Although most rain on Earth falls over the oceans, lightning at sea is surprisingly rare—and for decades scientists weren’t sure why. A recent study suggests salt spray could be getting in the way of clouds charging up for a lightning strike.
Thick clouds that form overhead during storms can become electrified when upward-moving air helps them grow tall enough that the upper parts of the cloud freeze into a mixture of granular, rounded snow pellets called graupel and microscopic ice crystals. As these ice and snow particles bump into one another, they transfer electrical charges: the larger graupel grains tend to become negatively charged, and the smaller ice crystals end up with a positive charge.
These charged ice crystals are so light that updrafts of air bring them to the top of the cloud, whereas heavier graupel tend to sink. Over time this separation generates an electrical field between the cloud’s positively charged top and negatively charged bottom. When the charge difference either between the top and bottom of the cloud or between the cloud and the ground grows big enough, lightning strikes.
But if large, water-absorbent particles of sea salt—abundant in ocean spray—are present, the tiny droplets that typically condense on microscopic dust and soot to form clouds grow much more rapidly, becoming heavy enough to fall as rain well before the cloud can grow tall enough to charge up. Although this mechanism for dampening lightning at sea has been suggested before, evidence for it had not yet been found in global weather observations.

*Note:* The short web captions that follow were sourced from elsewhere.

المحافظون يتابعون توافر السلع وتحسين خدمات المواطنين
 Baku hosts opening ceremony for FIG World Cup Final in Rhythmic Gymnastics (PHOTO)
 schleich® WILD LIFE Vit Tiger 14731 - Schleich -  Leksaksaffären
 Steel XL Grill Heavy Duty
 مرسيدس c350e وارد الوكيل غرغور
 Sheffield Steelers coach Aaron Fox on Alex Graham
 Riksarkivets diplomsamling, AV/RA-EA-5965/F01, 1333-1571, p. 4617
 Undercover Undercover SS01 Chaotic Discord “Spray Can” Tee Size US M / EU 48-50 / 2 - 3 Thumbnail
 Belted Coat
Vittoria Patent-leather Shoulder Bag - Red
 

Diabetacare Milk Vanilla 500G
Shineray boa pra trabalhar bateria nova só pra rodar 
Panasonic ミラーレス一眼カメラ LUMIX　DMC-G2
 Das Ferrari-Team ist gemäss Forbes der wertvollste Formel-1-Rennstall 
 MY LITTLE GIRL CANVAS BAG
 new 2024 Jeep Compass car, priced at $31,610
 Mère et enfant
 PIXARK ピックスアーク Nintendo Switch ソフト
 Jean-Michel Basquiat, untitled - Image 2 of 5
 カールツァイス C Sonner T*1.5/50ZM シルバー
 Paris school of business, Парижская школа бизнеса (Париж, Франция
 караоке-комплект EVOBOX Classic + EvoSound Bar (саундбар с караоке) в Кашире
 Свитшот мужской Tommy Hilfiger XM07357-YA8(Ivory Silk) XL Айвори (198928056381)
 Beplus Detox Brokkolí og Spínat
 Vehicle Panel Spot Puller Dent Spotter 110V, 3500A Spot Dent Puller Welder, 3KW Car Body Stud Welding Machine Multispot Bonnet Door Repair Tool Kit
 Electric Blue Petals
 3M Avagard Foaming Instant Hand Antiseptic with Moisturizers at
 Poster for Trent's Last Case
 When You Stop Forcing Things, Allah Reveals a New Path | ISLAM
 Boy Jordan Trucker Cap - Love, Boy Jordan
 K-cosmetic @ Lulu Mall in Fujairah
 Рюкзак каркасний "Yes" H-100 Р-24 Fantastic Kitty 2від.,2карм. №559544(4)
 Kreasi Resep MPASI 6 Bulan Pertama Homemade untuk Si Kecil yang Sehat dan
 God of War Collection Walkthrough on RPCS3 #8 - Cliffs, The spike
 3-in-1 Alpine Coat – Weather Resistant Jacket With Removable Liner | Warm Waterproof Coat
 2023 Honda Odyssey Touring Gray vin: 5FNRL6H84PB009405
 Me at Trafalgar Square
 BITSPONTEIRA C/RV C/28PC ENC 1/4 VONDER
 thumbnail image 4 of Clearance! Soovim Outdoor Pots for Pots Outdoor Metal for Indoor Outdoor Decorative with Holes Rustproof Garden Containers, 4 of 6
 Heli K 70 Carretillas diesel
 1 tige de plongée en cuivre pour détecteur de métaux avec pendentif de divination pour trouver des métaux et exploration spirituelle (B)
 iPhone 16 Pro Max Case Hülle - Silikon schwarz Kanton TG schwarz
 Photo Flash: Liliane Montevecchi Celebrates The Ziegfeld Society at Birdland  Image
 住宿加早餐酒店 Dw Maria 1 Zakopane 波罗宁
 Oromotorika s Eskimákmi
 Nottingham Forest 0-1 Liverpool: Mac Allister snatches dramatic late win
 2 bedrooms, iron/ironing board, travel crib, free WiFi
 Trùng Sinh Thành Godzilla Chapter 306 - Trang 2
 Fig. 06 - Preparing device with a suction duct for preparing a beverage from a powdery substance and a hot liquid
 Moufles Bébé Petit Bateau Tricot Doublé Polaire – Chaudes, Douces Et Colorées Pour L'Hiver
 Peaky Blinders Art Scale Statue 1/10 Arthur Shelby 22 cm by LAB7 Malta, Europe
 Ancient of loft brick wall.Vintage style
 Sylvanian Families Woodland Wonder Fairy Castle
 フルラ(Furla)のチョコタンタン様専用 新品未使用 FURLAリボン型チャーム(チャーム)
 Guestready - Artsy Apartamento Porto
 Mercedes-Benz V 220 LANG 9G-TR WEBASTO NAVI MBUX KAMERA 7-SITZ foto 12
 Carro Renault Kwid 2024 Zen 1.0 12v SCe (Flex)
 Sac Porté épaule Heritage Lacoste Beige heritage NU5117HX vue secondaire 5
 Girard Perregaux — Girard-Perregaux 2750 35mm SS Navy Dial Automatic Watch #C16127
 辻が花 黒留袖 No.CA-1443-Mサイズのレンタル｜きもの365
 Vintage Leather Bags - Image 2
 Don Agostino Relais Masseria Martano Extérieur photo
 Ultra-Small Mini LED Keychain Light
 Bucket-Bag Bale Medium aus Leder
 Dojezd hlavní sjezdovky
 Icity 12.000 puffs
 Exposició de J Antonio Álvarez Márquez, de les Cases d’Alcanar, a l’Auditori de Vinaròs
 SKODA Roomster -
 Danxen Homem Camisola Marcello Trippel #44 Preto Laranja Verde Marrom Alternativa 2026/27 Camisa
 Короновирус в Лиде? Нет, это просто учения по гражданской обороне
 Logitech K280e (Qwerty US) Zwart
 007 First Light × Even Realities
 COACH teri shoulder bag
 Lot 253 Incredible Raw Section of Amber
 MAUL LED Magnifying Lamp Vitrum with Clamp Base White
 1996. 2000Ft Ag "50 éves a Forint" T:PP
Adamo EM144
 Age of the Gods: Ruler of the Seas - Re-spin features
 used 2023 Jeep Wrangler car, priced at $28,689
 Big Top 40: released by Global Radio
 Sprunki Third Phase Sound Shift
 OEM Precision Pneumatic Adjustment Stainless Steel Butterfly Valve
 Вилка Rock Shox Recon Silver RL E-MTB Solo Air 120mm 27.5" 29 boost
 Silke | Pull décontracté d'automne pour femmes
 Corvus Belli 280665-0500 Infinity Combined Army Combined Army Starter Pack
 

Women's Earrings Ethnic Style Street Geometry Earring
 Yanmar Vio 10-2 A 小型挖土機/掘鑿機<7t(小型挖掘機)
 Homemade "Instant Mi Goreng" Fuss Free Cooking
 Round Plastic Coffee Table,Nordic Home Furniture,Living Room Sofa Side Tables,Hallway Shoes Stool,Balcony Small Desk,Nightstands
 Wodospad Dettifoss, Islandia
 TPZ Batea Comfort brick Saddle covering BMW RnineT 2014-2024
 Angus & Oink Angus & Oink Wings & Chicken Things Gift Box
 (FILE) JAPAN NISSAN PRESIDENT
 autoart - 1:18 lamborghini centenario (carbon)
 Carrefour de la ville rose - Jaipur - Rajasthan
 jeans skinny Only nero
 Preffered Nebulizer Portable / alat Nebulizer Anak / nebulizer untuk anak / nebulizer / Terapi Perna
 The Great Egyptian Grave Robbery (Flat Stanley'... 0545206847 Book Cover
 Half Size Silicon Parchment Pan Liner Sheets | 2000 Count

To do that, researchers from China, Israel and the U.S. gathered global measurements of clouds and lightning strikes, plus the expected distributions of particles such as pollutants, dust and salt in the atmosphere. They used these records to examine how cloud systems with different combinations of the particles evolved over time—documenting when and if rainfall and lightning occurred. The team found that areas with salt spray see up to 90 percent less lightning.
“We were able to separate the effects of the small particles and the large [sea-spray] particles,” says atmospheric scientist Daniel Rosenfeld of the Hebrew University of Jerusalem, who co-authored the study in Nature Communications. These effects are often ignored when climate scientists try to predict when and where rain will fall, he adds. “If you don’t take [them] into account in weather prediction models—and even more so in climate prediction models—you don’t get the picture right, you don’t get the precipitation right,” Rosenfeld says.
But the fine particles, called aerosols, are not the only factor acting on clouds’ complex interior. Other atmospheric differences over land and the oceans caused by local weather conditions, such as wind and temperature, might also play a role in how often lightning occurs. “It is very challenging to single out the aerosol effect from [these other weather conditions] based on observational analysis only,” says Jiwen Fan, an Earth scientist studying interactions among aerosols, clouds, precipitation and climate at Pacific Northwest National Laboratory.
Fan, who was not part of the new study, suggests detailed computer modeling of the processes within thick storm clouds would help further clarify the importance of sea-salt spray in determining when and where lightning strikes might occur.